Rasputin, 30 Aralık 1916 gecesi Prens Yusupov’un sarayına yemeğe davet edildi. Plana göre yemek masasında zehirlenerek öldürülecekti. Ancak Rasputin zehirli içki ve pastaları iştahla yemesine rağmen ölmedi, aksine ziyafetin keyfini çıkardı. Bunu gören Yusupov, onu kendi elleriyle öldürmeyi denedi. Prensin silahından çıkan mermiler Rasputin’e isabet etse de yine öldürmeye yetmedi.
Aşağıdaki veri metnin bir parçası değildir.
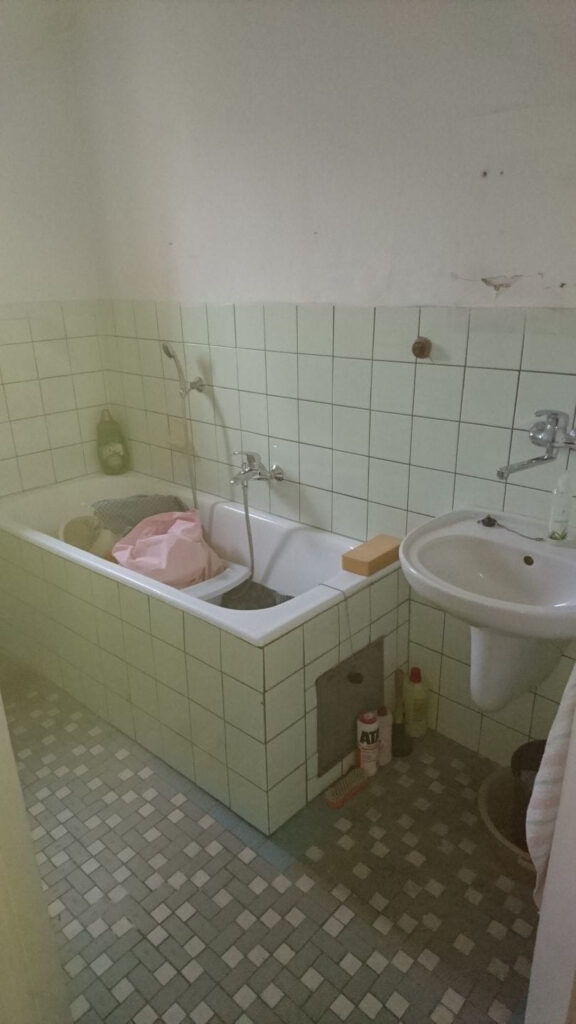 09 Rekonstrukce Koupelna A Wc 02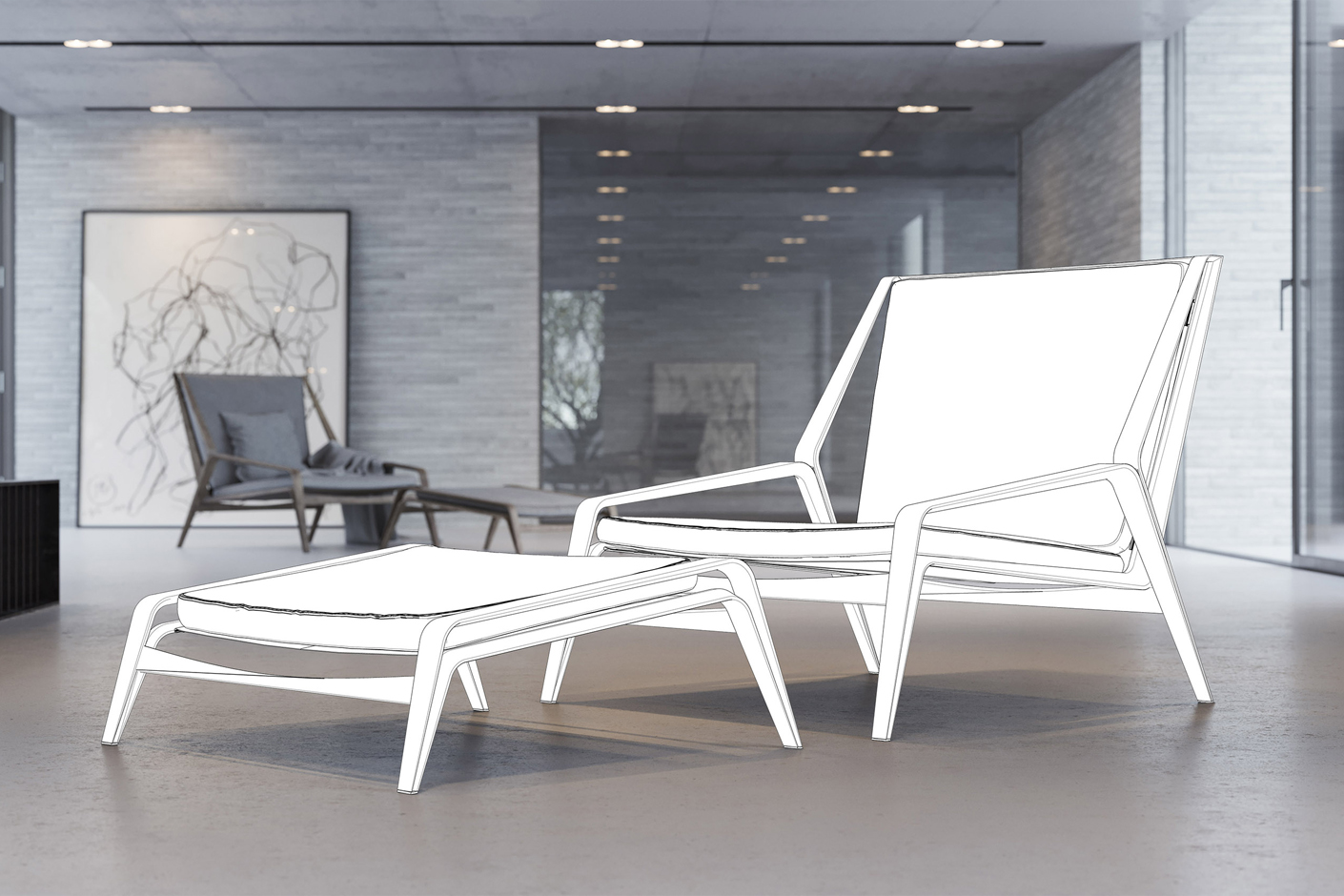 SketchUp | 3D Warehouse - baza darmowych modeli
Bu sefer orada bulunanlar Rasputin’i yaralı halde sopalarla döverek bir çuvala koydu ve Neva Nehrine attı. Cesedi günler sonra bulundu. Yapılan otopside boğularak öldüğü anlaşıldı. Böylece Rusya sarayda devlet içinde devlet gibi hareket eden bir meczuptan zor da olsa kurtulmuş oldu.